A detailed description of figure 5.3 is written below, diveded into given concepts from the assignment.
 

__<u>Training/Generalization Error</u>__

In the figure, the __training error__ is displayed by the dotted blue line. It represents the error / loss observed during the models training phase, and is calculated based on the difference between the models predictions and the actual values in the dataset, showing how well the model understands this pattern.

__Generalization error__, shown by the green line on the graph, indicates the error / loss AFTER the trained model has been evaluated. This could be on data not used during the traning phase. It therefore measures how well the model can make predictions on new and unseen data.

__<u>Underfit / overfit zone</u>__

In the __underfit zone/regime__, it represents a situation where the model's capacity is too low, also seen to the left in the graph. In this zone, both the traning and generalization error are too high, and the model fails to learn on both trained and unseen data.

The __Overfit zone/regime__ represents sutations where the capacity is too high, which might lead it to fitting ie. on the noise in the training data(meaning the model understands the patterns in the training data very well). The training error is thereby low, but the generation error is too high. 

__<u>Generalization gab</u>__

The __generalization gab__ represents the difference between the training and generalization error. This is seen to the right in the graph when the capacity is being increased, where the gap size outweights the decrease in training error (leads to overfitting!)

__<u>Optimal capactity</u>__

The __optimal capacity__ represents a 'sweet spot', where the model greatly balances between being underfitted and overfitted. This is because of the model being able to find the patterns in the data without overfitting, meaning a good capacity value has been chosen to fit both unseen and trained data.

__<u>The axes</u>__

The y-axis represents the error / loss by the model, where the x-axis represents the model's capacity / complexity. Increasing a models capacity gives the model a better understand of the underlying patterns in the data, which is seen on the graph by the decrease in error. Increasing it too much, it starts overfitting, as previously explains.


### Qb) A MSE-Epoch/Error Plot

Now we will look into the SGD model for fitting polynomial (__polynomial regression__), described simialary in [HOML] ("Polynomial Regression" + "Learning Curves").  
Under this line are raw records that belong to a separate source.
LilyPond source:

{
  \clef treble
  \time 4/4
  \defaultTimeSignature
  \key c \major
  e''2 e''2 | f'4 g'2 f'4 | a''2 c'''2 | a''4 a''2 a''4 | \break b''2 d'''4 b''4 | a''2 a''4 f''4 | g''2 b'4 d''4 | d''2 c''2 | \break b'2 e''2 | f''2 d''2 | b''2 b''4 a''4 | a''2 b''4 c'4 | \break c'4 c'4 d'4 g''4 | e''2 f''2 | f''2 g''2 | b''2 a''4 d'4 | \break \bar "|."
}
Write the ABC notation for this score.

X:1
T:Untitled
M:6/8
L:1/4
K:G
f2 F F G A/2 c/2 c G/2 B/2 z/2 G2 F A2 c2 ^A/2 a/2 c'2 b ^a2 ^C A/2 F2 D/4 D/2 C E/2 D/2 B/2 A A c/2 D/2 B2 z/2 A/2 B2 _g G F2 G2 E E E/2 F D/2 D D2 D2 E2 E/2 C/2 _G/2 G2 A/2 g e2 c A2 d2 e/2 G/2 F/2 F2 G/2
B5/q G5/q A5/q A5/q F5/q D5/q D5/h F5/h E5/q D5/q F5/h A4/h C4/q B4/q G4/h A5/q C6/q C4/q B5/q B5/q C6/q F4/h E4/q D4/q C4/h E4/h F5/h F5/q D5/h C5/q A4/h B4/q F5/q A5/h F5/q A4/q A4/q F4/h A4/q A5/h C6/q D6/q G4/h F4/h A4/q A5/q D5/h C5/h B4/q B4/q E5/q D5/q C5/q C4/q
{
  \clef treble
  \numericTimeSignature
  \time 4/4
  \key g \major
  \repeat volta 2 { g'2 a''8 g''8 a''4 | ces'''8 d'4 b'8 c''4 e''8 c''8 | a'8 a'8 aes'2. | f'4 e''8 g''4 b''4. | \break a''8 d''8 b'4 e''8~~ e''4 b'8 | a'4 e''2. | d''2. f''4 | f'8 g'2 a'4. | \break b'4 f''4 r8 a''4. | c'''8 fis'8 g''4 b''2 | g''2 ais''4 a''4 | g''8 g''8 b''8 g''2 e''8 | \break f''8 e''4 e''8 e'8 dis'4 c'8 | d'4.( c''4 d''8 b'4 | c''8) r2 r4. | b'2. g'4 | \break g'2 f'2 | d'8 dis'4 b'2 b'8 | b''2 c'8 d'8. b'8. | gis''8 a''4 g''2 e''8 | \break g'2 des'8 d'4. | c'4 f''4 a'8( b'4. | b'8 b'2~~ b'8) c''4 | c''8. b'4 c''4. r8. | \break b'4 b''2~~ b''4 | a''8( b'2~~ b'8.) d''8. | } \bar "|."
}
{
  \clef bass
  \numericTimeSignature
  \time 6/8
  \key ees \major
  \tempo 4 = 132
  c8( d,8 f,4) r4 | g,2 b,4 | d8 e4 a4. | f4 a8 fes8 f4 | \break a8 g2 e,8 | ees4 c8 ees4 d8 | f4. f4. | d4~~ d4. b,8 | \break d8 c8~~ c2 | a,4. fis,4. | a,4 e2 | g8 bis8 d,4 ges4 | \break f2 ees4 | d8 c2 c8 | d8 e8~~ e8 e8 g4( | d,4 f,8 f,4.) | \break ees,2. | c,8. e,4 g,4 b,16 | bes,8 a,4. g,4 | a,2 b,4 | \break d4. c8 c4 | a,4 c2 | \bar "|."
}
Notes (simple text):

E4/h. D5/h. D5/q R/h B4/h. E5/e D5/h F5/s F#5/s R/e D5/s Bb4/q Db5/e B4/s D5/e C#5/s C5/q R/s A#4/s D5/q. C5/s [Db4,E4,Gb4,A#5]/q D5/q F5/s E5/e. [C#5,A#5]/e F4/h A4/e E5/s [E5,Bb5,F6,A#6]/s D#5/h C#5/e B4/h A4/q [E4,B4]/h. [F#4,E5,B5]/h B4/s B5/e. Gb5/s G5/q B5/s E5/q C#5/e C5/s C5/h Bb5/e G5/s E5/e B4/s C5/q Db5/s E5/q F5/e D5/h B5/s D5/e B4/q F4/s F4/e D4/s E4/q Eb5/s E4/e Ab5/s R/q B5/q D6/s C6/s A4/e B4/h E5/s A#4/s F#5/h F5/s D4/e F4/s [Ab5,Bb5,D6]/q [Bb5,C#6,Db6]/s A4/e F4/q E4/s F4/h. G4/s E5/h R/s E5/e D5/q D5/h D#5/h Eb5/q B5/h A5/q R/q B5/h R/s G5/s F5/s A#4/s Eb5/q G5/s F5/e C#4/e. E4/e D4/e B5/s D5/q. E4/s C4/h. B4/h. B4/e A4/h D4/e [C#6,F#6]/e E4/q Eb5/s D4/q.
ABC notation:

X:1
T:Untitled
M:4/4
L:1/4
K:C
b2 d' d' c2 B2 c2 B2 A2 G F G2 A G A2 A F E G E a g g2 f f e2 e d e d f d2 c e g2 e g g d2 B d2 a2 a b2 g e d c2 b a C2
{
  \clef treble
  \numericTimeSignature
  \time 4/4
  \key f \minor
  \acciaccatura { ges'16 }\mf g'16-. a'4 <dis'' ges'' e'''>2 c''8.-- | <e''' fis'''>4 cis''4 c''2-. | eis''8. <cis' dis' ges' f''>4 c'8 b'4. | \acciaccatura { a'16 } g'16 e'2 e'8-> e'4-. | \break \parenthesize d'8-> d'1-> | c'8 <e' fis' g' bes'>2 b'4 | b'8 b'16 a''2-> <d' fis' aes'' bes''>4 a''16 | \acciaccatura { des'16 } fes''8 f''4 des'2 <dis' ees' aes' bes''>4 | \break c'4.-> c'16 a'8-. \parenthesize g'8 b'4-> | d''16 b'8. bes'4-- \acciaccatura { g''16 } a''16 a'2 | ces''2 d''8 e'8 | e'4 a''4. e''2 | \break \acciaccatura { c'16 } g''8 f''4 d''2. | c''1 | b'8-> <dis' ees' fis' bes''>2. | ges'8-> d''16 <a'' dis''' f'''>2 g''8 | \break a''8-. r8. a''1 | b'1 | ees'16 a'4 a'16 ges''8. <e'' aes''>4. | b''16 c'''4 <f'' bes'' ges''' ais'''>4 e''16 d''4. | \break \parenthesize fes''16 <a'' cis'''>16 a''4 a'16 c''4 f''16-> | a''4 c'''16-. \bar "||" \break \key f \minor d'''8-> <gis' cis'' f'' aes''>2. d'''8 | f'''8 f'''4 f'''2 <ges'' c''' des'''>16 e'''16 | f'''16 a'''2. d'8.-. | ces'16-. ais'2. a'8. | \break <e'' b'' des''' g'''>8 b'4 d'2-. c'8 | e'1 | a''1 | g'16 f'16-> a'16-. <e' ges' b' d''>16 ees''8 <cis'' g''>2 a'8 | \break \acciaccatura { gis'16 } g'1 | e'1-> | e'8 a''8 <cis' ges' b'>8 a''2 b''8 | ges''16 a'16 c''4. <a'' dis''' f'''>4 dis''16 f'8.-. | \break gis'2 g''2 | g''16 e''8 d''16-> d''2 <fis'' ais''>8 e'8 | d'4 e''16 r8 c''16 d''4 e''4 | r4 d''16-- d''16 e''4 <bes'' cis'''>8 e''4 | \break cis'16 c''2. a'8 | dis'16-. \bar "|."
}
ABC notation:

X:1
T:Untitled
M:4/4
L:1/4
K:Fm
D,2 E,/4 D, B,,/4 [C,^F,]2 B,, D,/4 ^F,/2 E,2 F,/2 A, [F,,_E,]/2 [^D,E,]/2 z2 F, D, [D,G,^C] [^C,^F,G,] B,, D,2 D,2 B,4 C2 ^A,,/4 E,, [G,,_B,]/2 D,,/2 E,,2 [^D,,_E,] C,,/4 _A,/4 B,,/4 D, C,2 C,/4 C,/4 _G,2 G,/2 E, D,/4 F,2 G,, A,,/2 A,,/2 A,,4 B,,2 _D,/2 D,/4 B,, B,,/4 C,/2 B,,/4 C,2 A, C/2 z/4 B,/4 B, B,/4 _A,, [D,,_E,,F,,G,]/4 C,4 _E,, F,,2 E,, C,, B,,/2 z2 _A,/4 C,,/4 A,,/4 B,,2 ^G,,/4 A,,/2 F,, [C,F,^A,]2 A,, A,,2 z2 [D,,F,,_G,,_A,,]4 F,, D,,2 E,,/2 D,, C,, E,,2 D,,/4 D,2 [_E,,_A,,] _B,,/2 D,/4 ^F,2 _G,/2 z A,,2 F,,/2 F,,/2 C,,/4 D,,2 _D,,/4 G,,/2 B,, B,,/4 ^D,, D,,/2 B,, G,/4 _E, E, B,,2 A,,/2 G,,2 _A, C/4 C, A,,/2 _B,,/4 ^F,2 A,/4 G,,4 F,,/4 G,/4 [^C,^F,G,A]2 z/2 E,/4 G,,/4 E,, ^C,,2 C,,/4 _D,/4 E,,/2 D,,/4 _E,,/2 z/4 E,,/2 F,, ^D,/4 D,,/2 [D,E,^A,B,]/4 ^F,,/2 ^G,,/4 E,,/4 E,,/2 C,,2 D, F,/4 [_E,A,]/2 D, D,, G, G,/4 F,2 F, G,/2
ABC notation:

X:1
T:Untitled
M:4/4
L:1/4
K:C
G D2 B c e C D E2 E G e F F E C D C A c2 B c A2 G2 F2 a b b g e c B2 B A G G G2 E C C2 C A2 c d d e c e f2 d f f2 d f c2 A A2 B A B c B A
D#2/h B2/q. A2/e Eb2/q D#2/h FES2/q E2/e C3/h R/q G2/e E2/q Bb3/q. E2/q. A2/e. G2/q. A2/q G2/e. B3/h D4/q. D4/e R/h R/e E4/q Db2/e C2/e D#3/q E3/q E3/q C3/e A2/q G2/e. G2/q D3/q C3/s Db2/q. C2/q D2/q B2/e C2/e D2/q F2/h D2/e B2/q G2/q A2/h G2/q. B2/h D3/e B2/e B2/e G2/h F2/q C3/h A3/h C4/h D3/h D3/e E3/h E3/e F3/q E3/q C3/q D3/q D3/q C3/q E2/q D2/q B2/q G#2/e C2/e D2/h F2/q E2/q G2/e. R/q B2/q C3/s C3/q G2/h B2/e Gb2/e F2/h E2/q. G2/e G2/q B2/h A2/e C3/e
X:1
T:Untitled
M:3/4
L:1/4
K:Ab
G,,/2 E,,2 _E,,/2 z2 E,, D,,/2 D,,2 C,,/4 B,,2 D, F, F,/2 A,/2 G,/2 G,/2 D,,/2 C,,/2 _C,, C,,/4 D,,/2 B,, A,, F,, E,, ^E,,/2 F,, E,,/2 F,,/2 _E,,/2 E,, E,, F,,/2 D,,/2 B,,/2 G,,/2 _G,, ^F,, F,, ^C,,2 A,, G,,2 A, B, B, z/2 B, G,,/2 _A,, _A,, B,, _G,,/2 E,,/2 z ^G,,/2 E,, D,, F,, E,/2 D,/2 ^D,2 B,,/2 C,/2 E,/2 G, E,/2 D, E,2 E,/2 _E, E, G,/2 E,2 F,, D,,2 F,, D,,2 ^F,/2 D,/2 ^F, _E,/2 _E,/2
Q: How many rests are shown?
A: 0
The code will be reviewed, each part by itself, and important points will be descriped. 

__<u>Part I</u>__

Once again, data is being generated by the `GenerateData` function, also adding some noise to the dataset. We split the data into training and validation sets by using the `test_train_split` function. By using a 90 degree polynomial for the polynomial regression, we produce a model with a very high capacity. The `PolynomialFeatures` are added into a pipeline, afterwareds scaled by a `StandardScaler` to ensure that each feature has a mean of 0 and standard deviation of 1 (as done in previous assignments). Lastly both the training and validation sets are being transformed by the pipeline we just created.

In [None]:
# Run code: Qb(part I)
# NOTE: modified code from [GITHOML], 04_training_linear_models.ipynb

%matplotlib inline

import matplotlib
import matplotlib.pyplot as plt
import numpy as np

from sklearn.preprocessing import PolynomialFeatures, StandardScaler
from sklearn.pipeline import Pipeline
from sklearn.linear_model import SGDRegressor
from sklearn.model_selection import train_test_split
from sklearn.metrics import mean_squared_error

np.random.seed(42)

def GenerateData():
    m = 100
    X = 6 * np.random.rand(m, 1) - 3
    y = 2 + X + 0.5 * X**2 + np.random.randn(m, 1)
    return X, y

X, y = GenerateData()
X_train, X_val, y_train, y_val = \
    train_test_split( \
        X[:50], y[:50].ravel(), \
        test_size=0.5, \
        random_state=10)

print("X_train.shape=",X_train.shape)
print("X_val  .shape=",X_val.shape)
print("y_train.shape=",y_train.shape)
print("y_val  .shape=",y_val.shape)

poly_scaler = Pipeline([
        ("poly_features", PolynomialFeatures(degree=90, include_bias=False)),
        ("std_scaler", StandardScaler()),
    ])

X_train_poly_scaled = poly_scaler.fit_transform(X_train)
X_val_poly_scaled   = poly_scaler.transform(X_val)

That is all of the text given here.